Tuesday, May 01, 2007

The Skin I'm In


I found two great books Saturday at two different yard sales. (My mom bought a bike at yet another.)

The Skin I'm In by Sharon Flake is an adolescent book, and it captures all the pressures of middle and high school that my sister went through, as did I, to a much lesser degree. It's also an 'African-American' book in that the main character and most of her classmates are black, but I still identified. I was also shocked at the cruelty toward the main character - just because her skin is darker than everyone else's. I've heard of that before, but it still doesn't make sense to me.
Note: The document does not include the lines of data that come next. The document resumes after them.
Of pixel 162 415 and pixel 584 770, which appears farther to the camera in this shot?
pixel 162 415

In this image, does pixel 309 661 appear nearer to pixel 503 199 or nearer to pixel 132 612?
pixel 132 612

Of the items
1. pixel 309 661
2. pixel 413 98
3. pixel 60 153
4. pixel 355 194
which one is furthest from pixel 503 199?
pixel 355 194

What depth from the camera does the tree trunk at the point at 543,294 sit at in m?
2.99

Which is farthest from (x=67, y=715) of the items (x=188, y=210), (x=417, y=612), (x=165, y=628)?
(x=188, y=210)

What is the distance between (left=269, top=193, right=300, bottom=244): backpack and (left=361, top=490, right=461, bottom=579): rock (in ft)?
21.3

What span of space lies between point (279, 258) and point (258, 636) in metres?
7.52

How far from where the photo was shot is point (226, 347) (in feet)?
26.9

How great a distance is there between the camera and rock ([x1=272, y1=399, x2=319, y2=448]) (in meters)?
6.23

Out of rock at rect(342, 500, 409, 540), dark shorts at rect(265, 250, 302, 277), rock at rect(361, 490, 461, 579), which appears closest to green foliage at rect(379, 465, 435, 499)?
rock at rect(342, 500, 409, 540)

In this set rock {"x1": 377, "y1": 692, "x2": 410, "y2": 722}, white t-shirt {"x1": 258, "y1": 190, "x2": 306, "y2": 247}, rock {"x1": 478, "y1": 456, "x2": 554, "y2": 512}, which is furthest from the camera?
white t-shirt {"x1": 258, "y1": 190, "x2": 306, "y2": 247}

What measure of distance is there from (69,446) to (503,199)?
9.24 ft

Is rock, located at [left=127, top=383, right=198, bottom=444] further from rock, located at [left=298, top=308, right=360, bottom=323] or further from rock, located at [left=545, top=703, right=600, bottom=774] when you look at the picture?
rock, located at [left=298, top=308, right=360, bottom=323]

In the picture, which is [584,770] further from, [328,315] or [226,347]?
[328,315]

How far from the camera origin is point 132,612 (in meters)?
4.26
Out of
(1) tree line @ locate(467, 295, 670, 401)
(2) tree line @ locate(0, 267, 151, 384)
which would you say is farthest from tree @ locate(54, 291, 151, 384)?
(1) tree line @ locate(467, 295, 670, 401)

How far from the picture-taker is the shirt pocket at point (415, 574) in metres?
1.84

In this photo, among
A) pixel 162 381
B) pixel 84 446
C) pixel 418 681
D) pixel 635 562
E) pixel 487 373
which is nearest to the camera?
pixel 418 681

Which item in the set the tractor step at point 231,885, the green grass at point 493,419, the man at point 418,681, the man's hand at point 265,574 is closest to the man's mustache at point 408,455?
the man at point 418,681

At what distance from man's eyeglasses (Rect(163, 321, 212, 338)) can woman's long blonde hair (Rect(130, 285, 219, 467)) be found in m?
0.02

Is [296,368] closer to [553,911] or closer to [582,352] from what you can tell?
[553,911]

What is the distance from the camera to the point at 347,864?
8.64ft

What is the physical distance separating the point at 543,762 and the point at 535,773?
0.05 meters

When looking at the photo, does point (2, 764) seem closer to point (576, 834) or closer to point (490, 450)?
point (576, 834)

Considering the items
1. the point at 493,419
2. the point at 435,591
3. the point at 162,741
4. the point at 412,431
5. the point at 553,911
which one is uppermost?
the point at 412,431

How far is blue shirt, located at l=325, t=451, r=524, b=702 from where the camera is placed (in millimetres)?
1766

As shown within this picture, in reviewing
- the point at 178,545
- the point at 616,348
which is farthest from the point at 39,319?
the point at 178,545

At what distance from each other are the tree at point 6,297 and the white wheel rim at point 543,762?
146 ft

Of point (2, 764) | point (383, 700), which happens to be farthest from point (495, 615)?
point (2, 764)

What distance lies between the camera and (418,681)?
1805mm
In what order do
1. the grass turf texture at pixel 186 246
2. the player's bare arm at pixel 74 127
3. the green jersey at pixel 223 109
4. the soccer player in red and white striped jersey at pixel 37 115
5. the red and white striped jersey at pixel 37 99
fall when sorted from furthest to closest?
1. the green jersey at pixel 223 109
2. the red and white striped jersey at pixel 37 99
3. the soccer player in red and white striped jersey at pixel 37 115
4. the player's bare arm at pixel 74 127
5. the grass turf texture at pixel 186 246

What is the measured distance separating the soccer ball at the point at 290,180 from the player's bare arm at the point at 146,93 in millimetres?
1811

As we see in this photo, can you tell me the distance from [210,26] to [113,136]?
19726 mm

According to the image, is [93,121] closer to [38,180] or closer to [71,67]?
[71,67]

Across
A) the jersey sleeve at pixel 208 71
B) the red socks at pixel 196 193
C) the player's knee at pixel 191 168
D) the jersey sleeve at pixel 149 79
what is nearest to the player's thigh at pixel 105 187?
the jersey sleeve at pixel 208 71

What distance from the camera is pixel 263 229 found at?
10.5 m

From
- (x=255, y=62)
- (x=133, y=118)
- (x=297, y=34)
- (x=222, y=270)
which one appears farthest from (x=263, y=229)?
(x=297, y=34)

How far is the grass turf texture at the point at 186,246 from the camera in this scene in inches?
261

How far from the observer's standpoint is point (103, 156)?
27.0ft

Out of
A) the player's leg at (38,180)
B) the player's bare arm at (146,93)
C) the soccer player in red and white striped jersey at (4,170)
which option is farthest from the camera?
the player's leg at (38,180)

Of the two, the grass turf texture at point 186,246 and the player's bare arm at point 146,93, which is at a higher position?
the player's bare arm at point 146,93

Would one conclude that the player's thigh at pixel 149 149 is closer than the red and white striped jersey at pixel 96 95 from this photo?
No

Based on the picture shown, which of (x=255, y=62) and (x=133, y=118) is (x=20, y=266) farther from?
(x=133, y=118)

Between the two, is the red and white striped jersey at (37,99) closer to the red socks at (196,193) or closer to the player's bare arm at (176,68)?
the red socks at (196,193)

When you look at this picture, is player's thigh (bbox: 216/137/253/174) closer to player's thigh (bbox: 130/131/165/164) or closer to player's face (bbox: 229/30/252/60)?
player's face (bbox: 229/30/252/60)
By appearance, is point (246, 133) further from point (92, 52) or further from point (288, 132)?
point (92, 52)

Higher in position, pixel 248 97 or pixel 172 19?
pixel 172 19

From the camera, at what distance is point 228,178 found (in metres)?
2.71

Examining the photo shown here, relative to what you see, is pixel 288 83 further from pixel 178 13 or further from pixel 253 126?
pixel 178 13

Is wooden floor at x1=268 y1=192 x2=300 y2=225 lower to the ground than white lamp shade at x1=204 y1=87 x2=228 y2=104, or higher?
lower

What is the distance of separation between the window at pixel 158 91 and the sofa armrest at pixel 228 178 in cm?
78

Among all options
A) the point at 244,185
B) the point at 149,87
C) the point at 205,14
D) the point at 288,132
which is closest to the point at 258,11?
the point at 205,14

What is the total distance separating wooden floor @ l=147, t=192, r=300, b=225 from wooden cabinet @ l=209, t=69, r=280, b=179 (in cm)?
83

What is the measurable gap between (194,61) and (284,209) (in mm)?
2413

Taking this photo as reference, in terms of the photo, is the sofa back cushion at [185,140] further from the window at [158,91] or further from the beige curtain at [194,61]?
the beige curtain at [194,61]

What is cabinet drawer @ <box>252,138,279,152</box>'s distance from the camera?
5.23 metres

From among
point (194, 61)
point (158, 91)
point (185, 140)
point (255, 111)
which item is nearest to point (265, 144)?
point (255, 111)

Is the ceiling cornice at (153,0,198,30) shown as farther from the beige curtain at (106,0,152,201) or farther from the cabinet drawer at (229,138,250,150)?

It's not a sad book, but most of it makes me sad - the way Maleeka goes along with the other kids in picking on the teacher and getting into a lot of trouble. Thankfully, she learns what really matters by the end of the book, after a disastrous exercise in peer pressure.

The book starts when a new English teacher arrives at Maleeka's middle school. The book is told in first person present tense, something that often rubs me the wrong way, but didn't this time. The present tense part, not the first person thing. If I don't like a book (The Nanny Diaries) it grates on me until I give up. But if I like a book, it's natural.

The teacher is a former advertising executive who decides to teach when the school system starts a program for executives to teach without getting teaching certificates. Everyone hates her because she makes them do a lot of work, but I got the feeling if they'd STFU, they'd learn something - Maleeka did.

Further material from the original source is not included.